Colorful Notions: The Roadtrippers 1.0 by Mohit Goyal is a unique novel insofar as it combines masterfully travelogue with fiction.  The novel tells the story of three people in their twenties who give up plush jobs and secure life in order to embark on a three-month long journey across India covering 25 historic destinations.  Their personal stories are intertwined with the journey and present dramatic scenes making the novel a gripping read.  The reader also travels along with them from Delhi to places such as Ladakh, Kanyakumari and the Sundarbans. 

Abhay, Shashank and Unnati are the travellers.  Abhay hails from a broken family and there is little love lost between him and his parents.  He longs for relationships.  The massive Shashank is a businessman whose weakness is food.  Unnati is his fiancée and the journey offers her a few occasions to rethink her romantic attachment.

The personal stories of the three characters appear at relevant places and times in the narrative which mostly speaks about the journey which brings in its own characters such as Mutthuraman Swaminathan Unnikrishnan aka Unni who is shown as a shrewd swindler.  He is a tourist guide in the Corbett Park and can create a tiger where there actually is none.  He drinks all along though drinking is prohibited and gets out of the vehicle during the safari though that is prohibited too.  About a hundred pages later we’ll meet a few other South Indian characters in Mysore who are also slightly caricatured as lungi-wearing, non-Hindi and non-English speaking country bumpkins.  Does the author carry some prejudices against the South Indians?  The reader may wonder.  Mercifully, the stereotypes don’t last long and the journey continues.

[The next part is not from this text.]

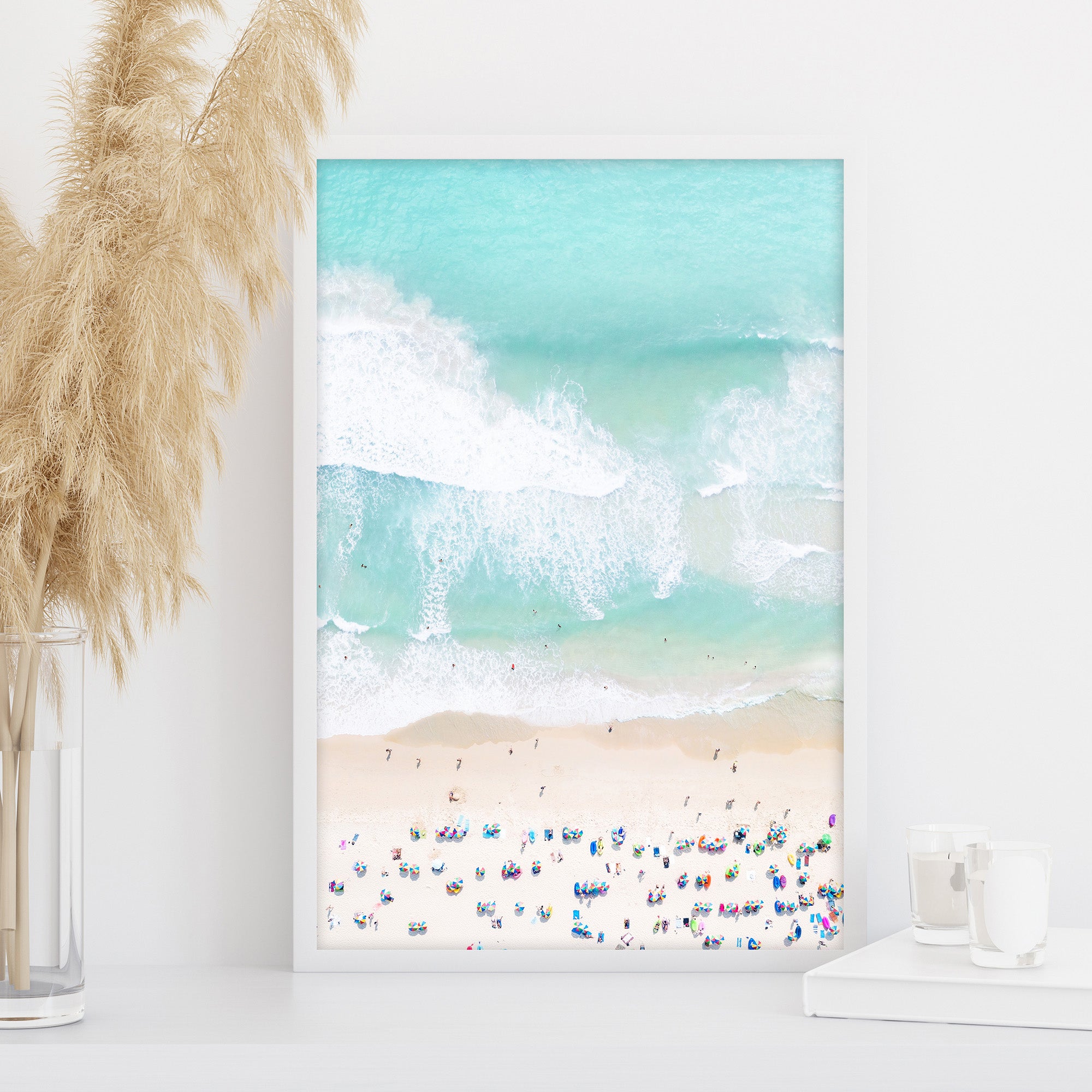 Aerial Beach wall art with gentle sea waves and pastel tones, people and umbrellas, coastal photography print, calm turquoise living room or bedroom wall art decor, large printable wall art
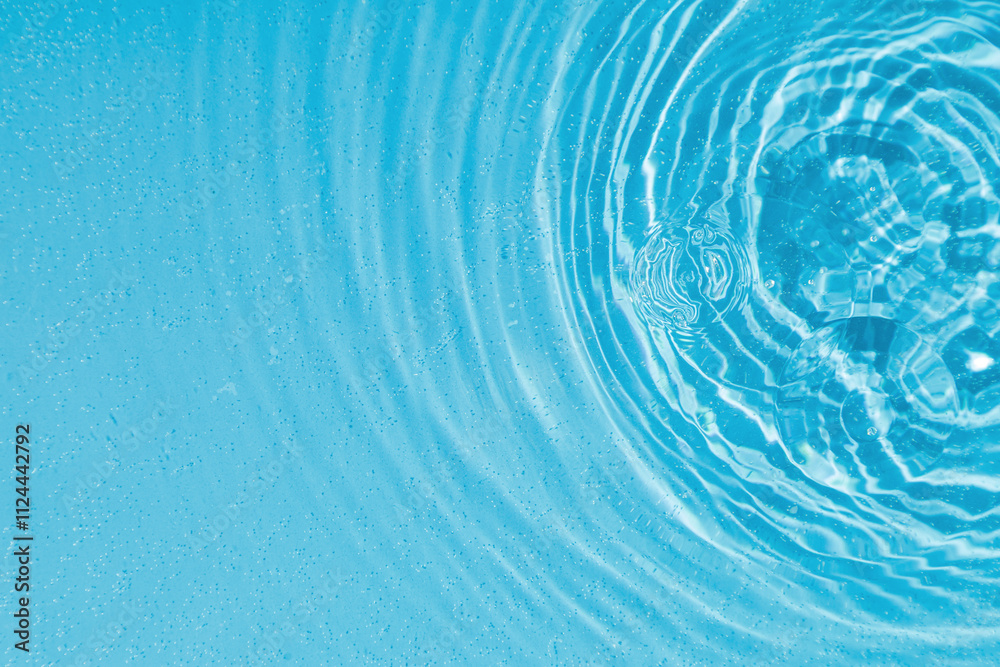 drops on water with circles on a blue background drops on water with circles on a blue background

The journey has its own adventures, risks as well as thrills.  There is romantic rivalry as Abhay gets infatuated with his friend’s fiancée and plays a nasty game to drive in a wedge between them.  But quarrels are soon made up and the characters prove to be people with sophisticated hearts and sentiments.  At  Bodhgaya the two men (Unnati has had to take leave of them due to an accident in the Sundarbans) encounter a Buddhist lama who teaches them the secret of happiness.  This part of the novel is at variance with the others as it turns mildly philosophical if not spiritual.  The author succeeds in giving his work certain required depth. 

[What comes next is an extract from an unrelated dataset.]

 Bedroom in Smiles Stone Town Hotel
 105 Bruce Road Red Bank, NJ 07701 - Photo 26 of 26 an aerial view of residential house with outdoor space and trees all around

In a novel which takes the characters from place to place, we can expect diverse experiences.  There is adventure in one place, horror in a place like the Bhangarh Fort or awe in another.  The author succeeds in creating those sensations in the reader while telling a credible and delightful story.

Young readers will find the book absolutely delightful while the older ones will find it amusing. 

Read more about the book and the author at http://www.theroadtrippers.in/

Buy the book from Amazon India

PS.  I received  a review copy from The Tales Pensieve http://thetalespensieve.com/ as part of Reviewers Programme.  Register at http://thetalespensieve.com/reviewers-sign-up/ for lots of book fun and activities.





Comments

  1. Replies
    1. Interesting, no doubt. I finished it in two days. Reader's interest is sustained.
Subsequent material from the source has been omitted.